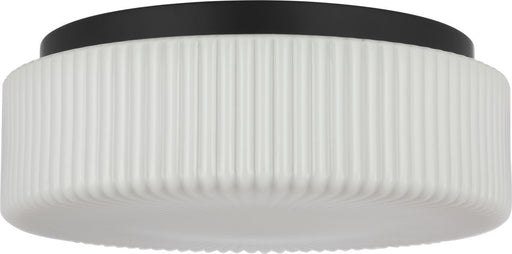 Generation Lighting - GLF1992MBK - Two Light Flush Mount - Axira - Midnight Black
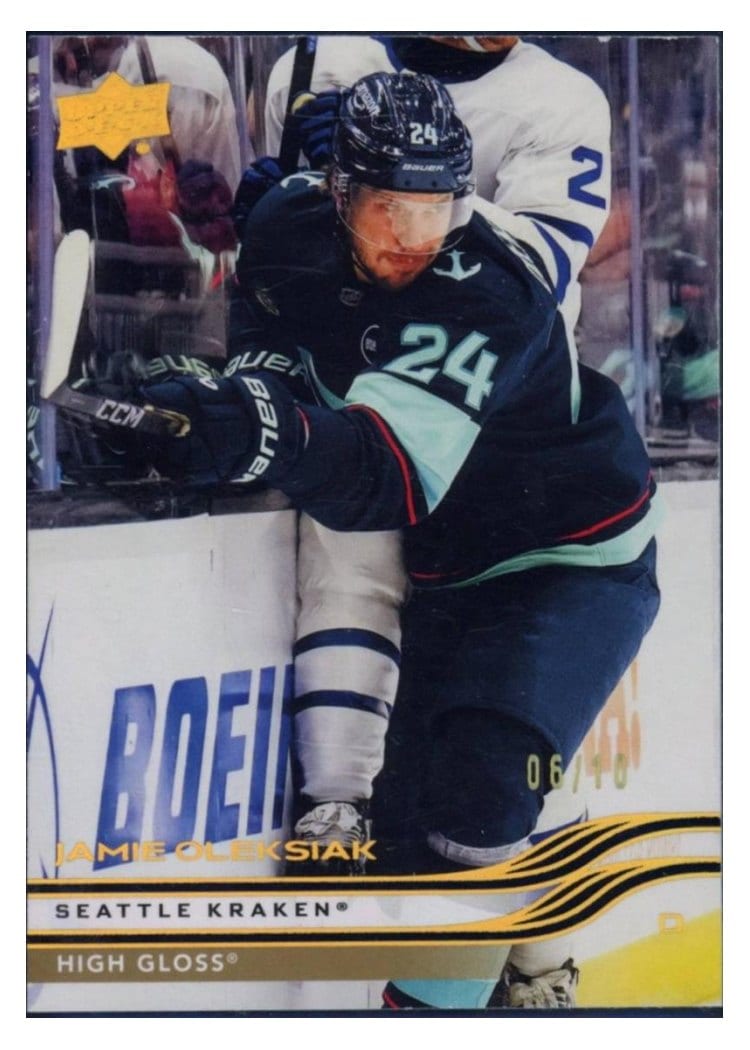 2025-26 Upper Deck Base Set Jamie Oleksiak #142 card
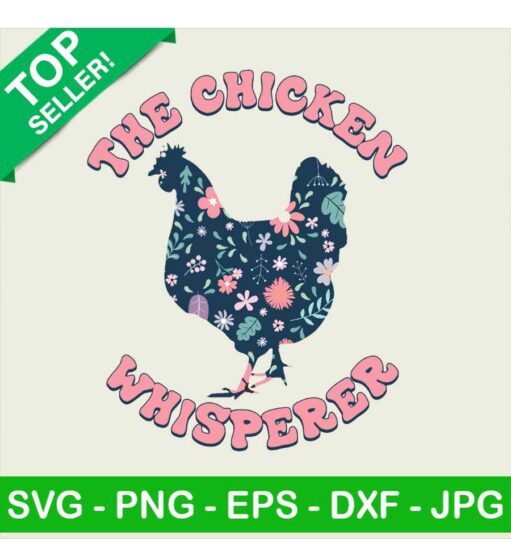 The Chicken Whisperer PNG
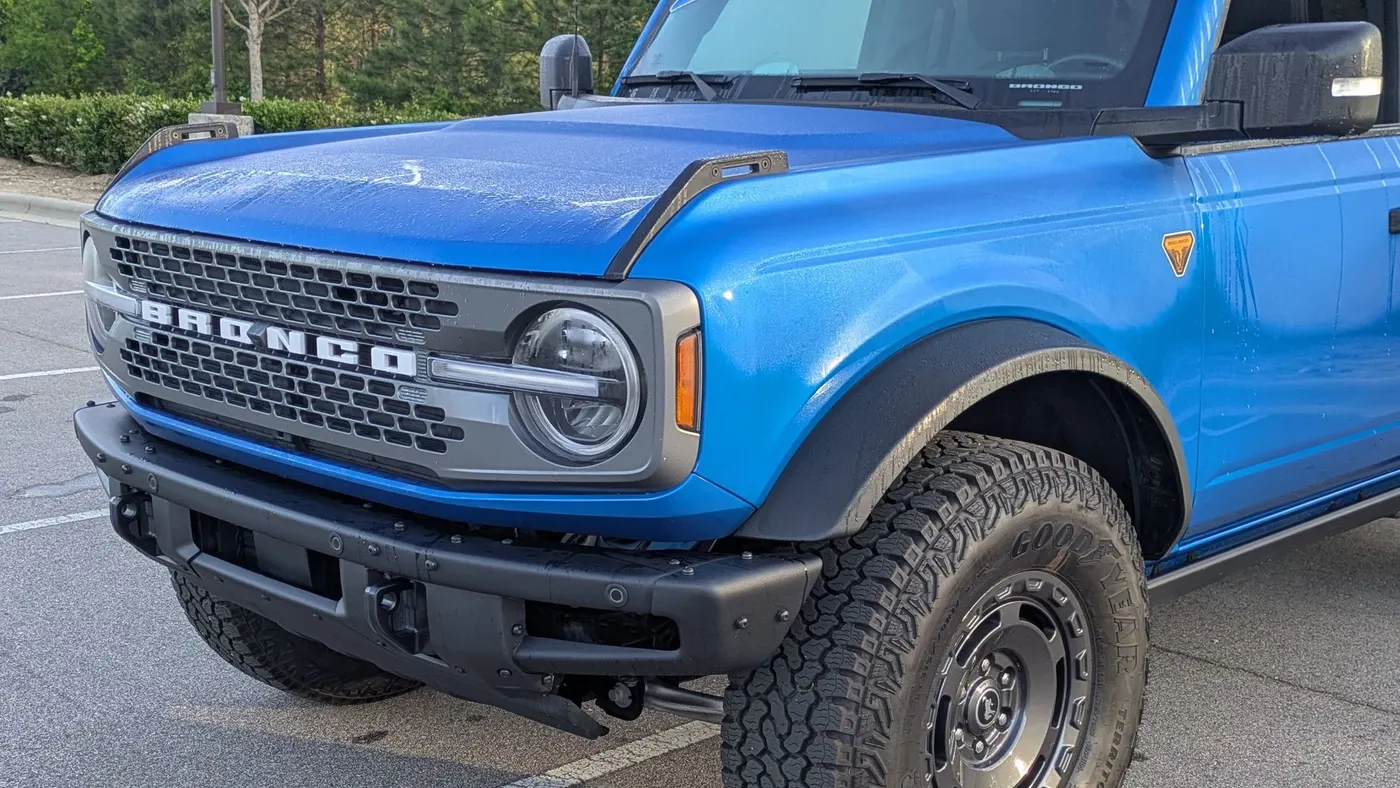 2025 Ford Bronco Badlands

==

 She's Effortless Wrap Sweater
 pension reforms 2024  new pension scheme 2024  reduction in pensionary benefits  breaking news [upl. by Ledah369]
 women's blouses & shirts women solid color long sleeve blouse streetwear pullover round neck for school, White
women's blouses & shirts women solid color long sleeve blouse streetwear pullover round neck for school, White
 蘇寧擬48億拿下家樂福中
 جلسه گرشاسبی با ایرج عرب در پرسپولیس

### EXERCISE DETAILS
Please give again the lines above between the line holding "蘇寧擬48億拿下家樂福中" and the line holding "جلسه گرشاسبی با ایرج عرب در پرسپولیس", inclusive, exactly as they are and with nothing added.

### ANSWER FOR THE TASK
 蘇寧擬48億拿下家樂福中
 جلسه گرشاسبی با ایرج عرب در پرسپولیس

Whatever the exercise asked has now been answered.